Melbourne singer-songwriter Jen Cloher is up first and compels from the get-go with just guitar and voice, diving into the contemplative Regional Echo with utter confidence, clearly secure in the knowledge that her songs are strong enough to work in this toughest of constructs. She proves eminently relatable and charismatic even as songs like Kamikaze Origami and Sensory Memory betray confusion and vulnerability, while Fear Is Like A Forest – covered by Courtney Barnett and slacker laureate Kurt Vile on their Lotta Sea Lice collaboration – sounds at home back in her safe hand. She concludes her all-too-brief set with the proud and evocative Strong Woman, a fittingly thought-provoking and empathetic end to a powerful performance.
Jeff Tweedy’s been creating his heartfelt music in various guises for the best part of 30 years now – also visiting Australia to share it with us live numerous times over the past decade and a half – yet this debut solo outing opens up a whole new dimension to the multi-faceted artist.
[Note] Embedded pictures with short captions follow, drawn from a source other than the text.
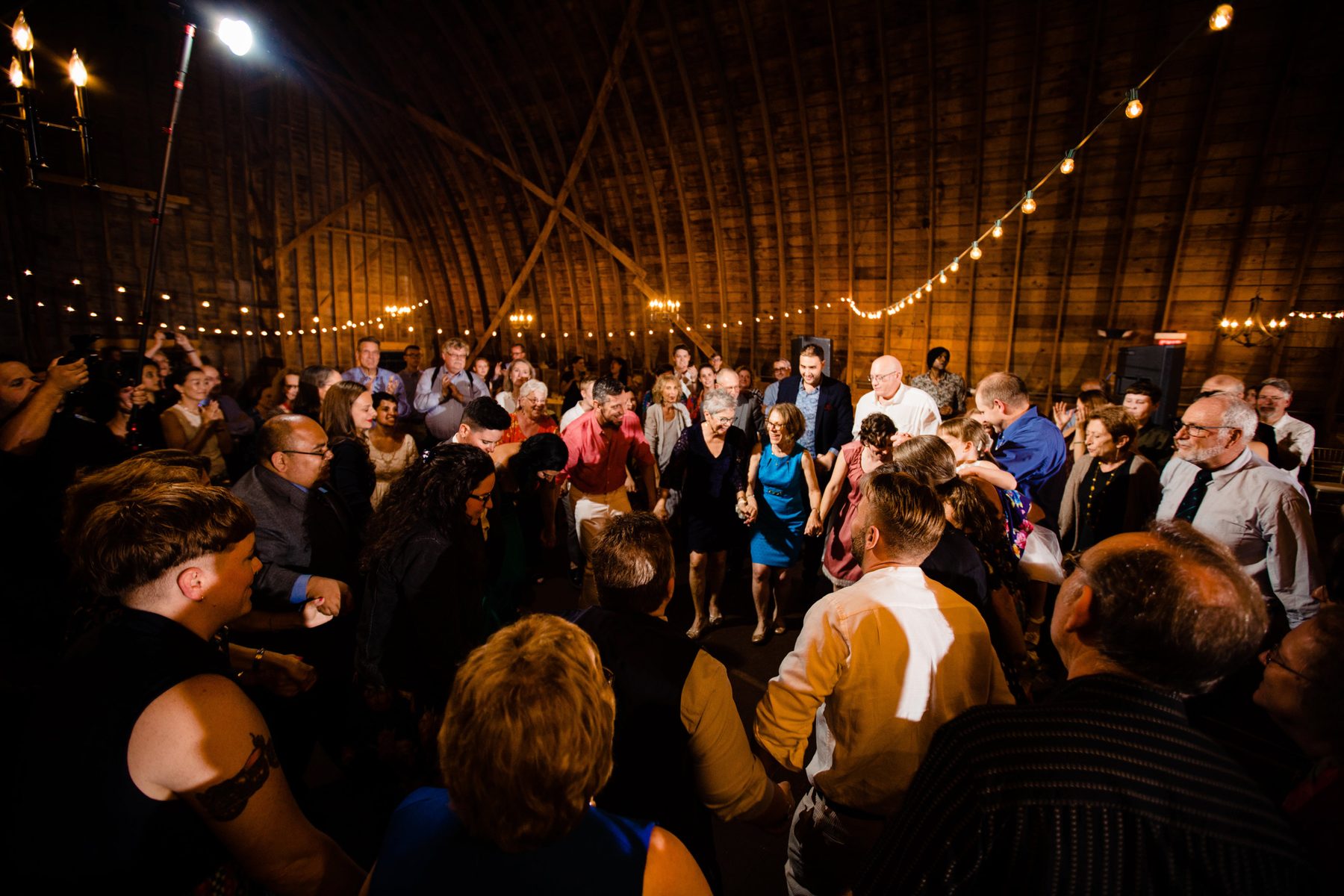 Guests dancing in the barn at night under string lights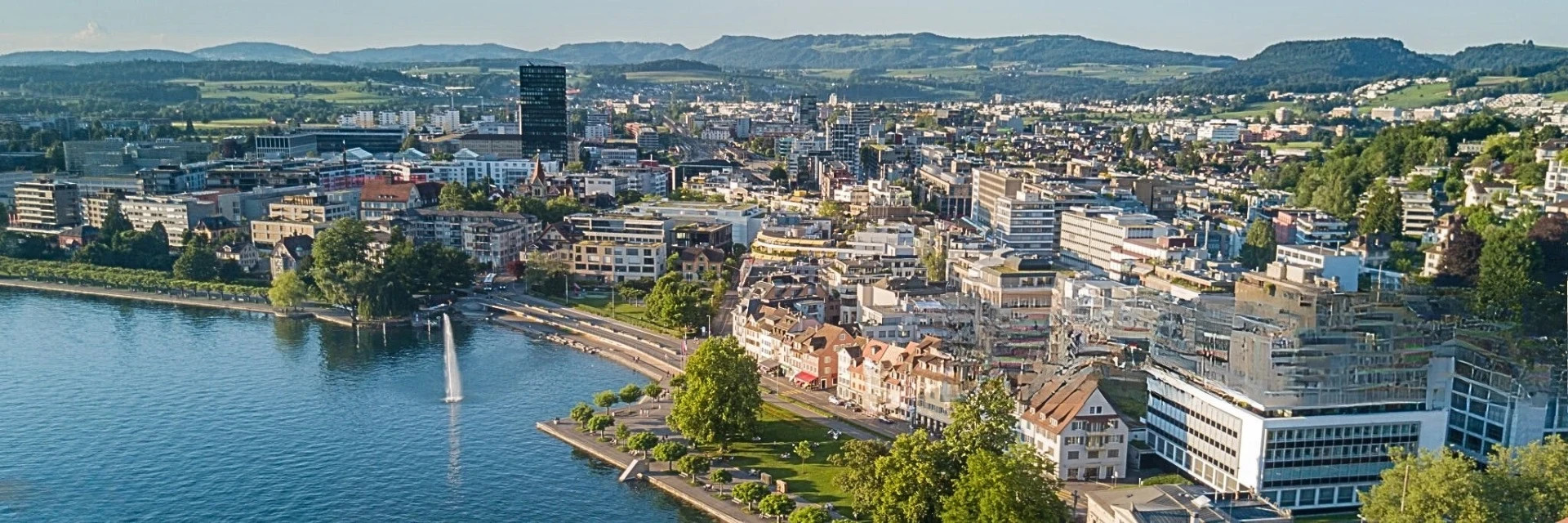 Panoramaaufnahme der Stadt Zug mit Seeufer – Standort für Avalects massgeschneiderte Dienstleistungen für Unternehmen.“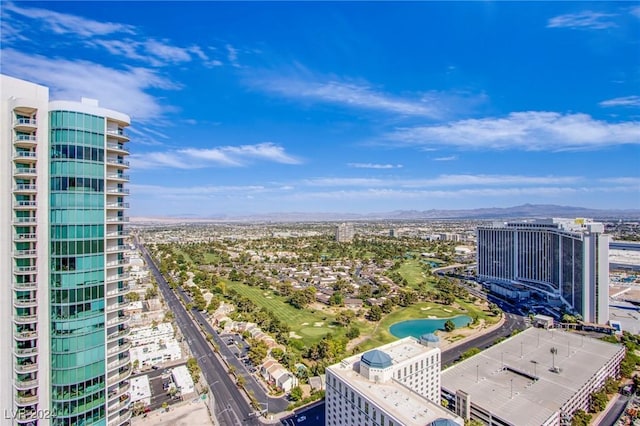 birds eye view of property with a mountain view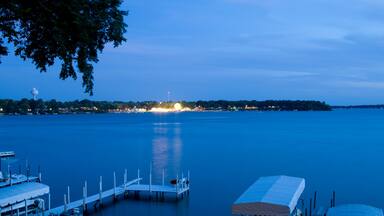 A calm lake at dusk with docked boats and a distant city skyline.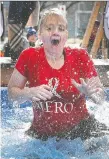  ?? DAN JANISSE ?? Liza Browne makes a splash at the 2019 Polar Plunge. This year’s event takes place Feb. 28.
Beginning his set with Wilco staple Via Chicago shines the perfect light on the inherent dichotomy we’re witnessing tonight. When he performs the number with his cracking band, the song builds into a veritable tsunami of noise – avant-guitarist Nels Cline and drummer Glenn Kotche leading the cacophony – but tonight, performed with just acoustic guitar and harmonica, it loses none of its power in ballad form, melancholy rather than volume now the driving force.
It’s only in recent years that the Illinois native has dipped his toes into the solo realms with any real conviction, and next we’re treated to Bombs Above and Some Birds – the opening salvos from 2018’s Warm, his first true solo studio statement – but despite these songs’ unabashed strength, there’s a subtle buoyant energy emanating from the crowd when he returns to the abundantly fertile Wilco catalogue, offering a perfectly nuanced rendition of the achingly beautiful I Am Trying To Break Your Heart that just seems impossibly compelling in skeletal form.
Clad all in black, Tweedy almost fades into the backdrop, unassuming visually but displaying a wry humour between songs that hasn’t always been obvious (“I’m still working on showbiz”, he offers drolly at one stage), and he returns to his roots with New Madrid by his formative outfit Uncle Tupelo – the band who essentially pioneered the modern alt-country movement in the early ‘90s – before segueing into solo gem Having Been Is No Way To Be and bouncing back into the Wilco songbook with the nimble melodies of You And I.
It’s endlessly fascinating hearing these songs we know so well in this new light, whether Hummingbird and its whistling finale (described as “jaunty” by the man himself) or the meditative Ashes Of American Flags. The beloved California Stars gets one of the night’s strongest receptions – emanating from the Mermaid Avenue project that found Wilco and their UK comrade Billy Bragg putting music to told long-abandoned Woody Guthrie lyrics – but from there the night becomes almost a de facto Wilco ‘greatest hits’ set to bring things home, the only solo tune Let’s Go Rain an outlier amid timeless tracks in Jesus Etc, Passenger Side, Heavy Metal Drummer, Impossible Germany and the upbeat I’m The Man Who Loves You which finishes the set proper.
The crowd, which has been so quietly reverential all evening, brays loudly for more – knowing full well how much gold is left in Tweedy’s kitbag – and the singer returns their respect by venturing out for two more tunes, the performance ending with relatively obscure Wilco album track The Late Greats and a gorgeous run through of Uncle Tupelo staple Acuff-Rose. We didn’t learn much tonight about Jeff Tweedy’s outstanding musicianship and songwriting skills – we already knew all about that, or should have done – but we did discover a lot about him as a person and realise that irrespective of the setting, much of a performance’s power can be traced back to the song itself. A hauntingly beautiful experience.